I'm building a model in which several of my covariates live on a "circle", in the sense that they take values in the interval [0,1), and 0=1. I'm wondering about techniques for dealing with this situation. One idea is to represent a circular variable theta as a pair of variables ( sin(theta), cos(theta) ). Any thoughts on this approach or better approaches?

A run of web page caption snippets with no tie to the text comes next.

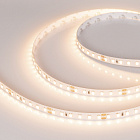 Светодиодная лента RT-A120-8mm 24V Warm3000 (14.4 W/m, IP20, 2835, 5m) (Arlight, Открытый) Lednikoff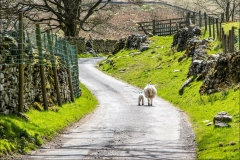 Boredale
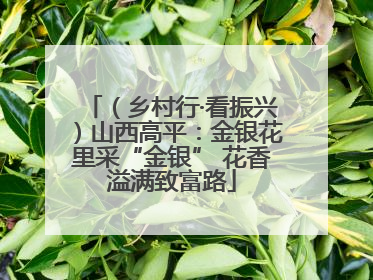 （乡村行·看振兴）山西高平：金银花里采“金银” 花香溢满致富路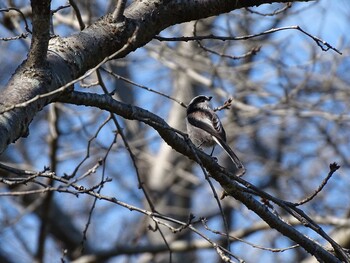 Long-tailed Tit 羽村堰 Sun, 10/24/2021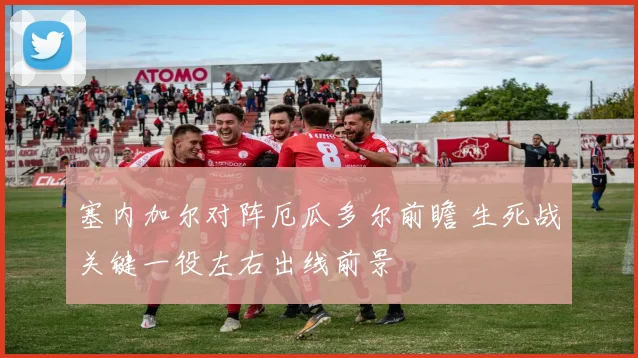 塞内加尔对阵厄瓜多尔前瞻 生死战关键一役左右出线前景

I'm specifically using the mgcv package GAMs. Is there a way to tell the model that certain additive pieces should have the same values at the endpoints? Another package?
Thanks!
Best Answer
There are two ways of dealing with circular variables, one hacky method would be to manually duplicate your data set on either side of the boundary conditions but the more elegant solution I think would be to use the built-in spline basis functions with periodic boundary conditions !
For example:
bs="cc"
specifies a cyclic cubic regression splines (see cyclic.cubic.spline
). i.e. a penalized cubic regression splines whose ends match, up to second derivative.
Splines on the sphere
bs="sos"
. These are two dimensional splines on a sphere. Arguments are latitude and longitude, and they are the analogue of thin plate splines for the sphere. Useful for data sampled over a large portion of the globe, when isotropy is appropriate. See Spherical.Spline
for details.
bs="cp"
gives a cyclic version of a P-spline